Travail à l'étranger et hyperconnexion : comment établir des limites ?
Bonne nouvelle si vous travaillez dans un pays qui a instauré un droit à la déconnexion ou qui permet le dialogue avec l'entreprise. On constate cependant que « le naturel » (qui l'est devenu avec le concours des outils numériques) revient vite et pousse de nombreux salariés à toujours rester connectés à leur entreprise. Dans un premier temps, renseignez-vous sur les pratiques de l'entreprise. N'hésitez pas à poser des questions le jour de votre entretien. Si l'entreprise est sensible à la lutte contre l'hyperconnexion, elle a certainement mis en place les mesures nécessaires. Dans le cas contraire, la loi est de votre côté. Vous pouvez ne pas répondre à votre entreprise lorsqu'elle vous contacte en dehors de vos heures de travail.
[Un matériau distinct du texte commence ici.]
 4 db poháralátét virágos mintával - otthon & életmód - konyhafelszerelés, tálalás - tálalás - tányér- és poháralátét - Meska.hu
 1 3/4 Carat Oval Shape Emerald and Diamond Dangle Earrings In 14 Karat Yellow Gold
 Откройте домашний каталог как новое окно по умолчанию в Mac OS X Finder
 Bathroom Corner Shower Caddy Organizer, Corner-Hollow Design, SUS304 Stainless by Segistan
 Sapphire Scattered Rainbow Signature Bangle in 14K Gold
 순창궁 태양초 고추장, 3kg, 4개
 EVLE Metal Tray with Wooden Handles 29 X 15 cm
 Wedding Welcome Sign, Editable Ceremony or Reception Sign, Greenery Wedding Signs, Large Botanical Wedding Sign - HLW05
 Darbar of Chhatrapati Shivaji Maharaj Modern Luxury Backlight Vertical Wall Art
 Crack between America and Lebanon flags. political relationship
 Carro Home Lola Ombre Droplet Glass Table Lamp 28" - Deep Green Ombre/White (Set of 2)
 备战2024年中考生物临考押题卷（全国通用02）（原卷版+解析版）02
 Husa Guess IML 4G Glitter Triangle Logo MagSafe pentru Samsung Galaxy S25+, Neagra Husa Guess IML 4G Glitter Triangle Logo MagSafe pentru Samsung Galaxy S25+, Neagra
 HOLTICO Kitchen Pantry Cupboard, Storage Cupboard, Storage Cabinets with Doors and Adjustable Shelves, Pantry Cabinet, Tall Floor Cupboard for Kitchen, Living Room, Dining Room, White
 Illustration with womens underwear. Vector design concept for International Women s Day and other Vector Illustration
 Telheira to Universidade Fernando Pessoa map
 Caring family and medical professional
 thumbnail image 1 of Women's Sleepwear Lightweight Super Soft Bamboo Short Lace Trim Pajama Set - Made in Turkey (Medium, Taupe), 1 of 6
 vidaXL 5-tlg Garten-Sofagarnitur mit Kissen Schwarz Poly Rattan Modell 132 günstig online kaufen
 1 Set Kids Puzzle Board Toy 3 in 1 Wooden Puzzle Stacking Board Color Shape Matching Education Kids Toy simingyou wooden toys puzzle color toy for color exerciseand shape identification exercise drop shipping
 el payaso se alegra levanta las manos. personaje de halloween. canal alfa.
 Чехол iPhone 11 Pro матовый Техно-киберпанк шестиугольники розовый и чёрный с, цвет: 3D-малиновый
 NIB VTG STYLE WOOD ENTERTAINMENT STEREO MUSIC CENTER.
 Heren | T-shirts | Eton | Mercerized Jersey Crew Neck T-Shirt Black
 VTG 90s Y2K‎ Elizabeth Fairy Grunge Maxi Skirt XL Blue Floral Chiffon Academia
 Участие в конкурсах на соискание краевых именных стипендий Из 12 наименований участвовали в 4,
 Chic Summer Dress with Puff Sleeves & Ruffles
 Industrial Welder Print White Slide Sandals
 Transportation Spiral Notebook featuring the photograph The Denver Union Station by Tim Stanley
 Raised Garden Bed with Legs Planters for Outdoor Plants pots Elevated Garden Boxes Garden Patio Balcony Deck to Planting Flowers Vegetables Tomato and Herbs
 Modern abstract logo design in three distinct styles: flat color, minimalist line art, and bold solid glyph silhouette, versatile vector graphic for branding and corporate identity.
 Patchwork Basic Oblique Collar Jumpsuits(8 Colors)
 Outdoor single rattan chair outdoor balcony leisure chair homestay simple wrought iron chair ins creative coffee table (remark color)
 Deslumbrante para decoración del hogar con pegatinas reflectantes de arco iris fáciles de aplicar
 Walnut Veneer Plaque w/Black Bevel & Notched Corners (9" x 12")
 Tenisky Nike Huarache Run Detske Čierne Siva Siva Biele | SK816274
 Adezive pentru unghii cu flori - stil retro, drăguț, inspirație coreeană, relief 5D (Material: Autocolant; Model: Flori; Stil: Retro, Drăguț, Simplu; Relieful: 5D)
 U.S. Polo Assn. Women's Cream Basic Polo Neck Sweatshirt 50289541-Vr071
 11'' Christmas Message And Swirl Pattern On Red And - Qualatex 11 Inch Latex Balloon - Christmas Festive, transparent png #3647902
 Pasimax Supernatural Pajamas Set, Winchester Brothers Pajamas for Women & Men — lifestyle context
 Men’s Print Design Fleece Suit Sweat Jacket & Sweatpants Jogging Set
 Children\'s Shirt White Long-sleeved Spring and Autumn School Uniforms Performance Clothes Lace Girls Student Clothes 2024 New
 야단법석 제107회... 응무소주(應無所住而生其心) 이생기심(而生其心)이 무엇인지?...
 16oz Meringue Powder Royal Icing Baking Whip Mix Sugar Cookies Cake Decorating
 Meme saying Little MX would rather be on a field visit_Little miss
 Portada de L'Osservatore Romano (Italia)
La position de l'expatrié est parfois délicate, surtout lorsqu'il s'agit de faire valoir ses droits. L'on craint de perdre sa place, d'être rétrogradé ou mal vu par l'employeur… Mais accepter d'être toujours disponible est vite contre-productif. Mieux vaut montrer que vous connaissez la loi. Le problème se pose en l'absence de loi. Dans ce cas, essayez d'aller sur le terrain du travail. Car répondre à un mail professionnel lorsqu'on est censé dormir ou profiter de son week-end est un travail. Tout travail mérite salaire. Si aucun contrat n'organise vos temps de connexion hors travail, vous n'êtes pas obligé de rester connecter. Pour vous protéger, contacter le syndicat de votre entreprise (s'il existe) ou tout autre professionnel de référence. Sollicitez également des juristes spécialisés dans le droit de votre pays d'expatriation.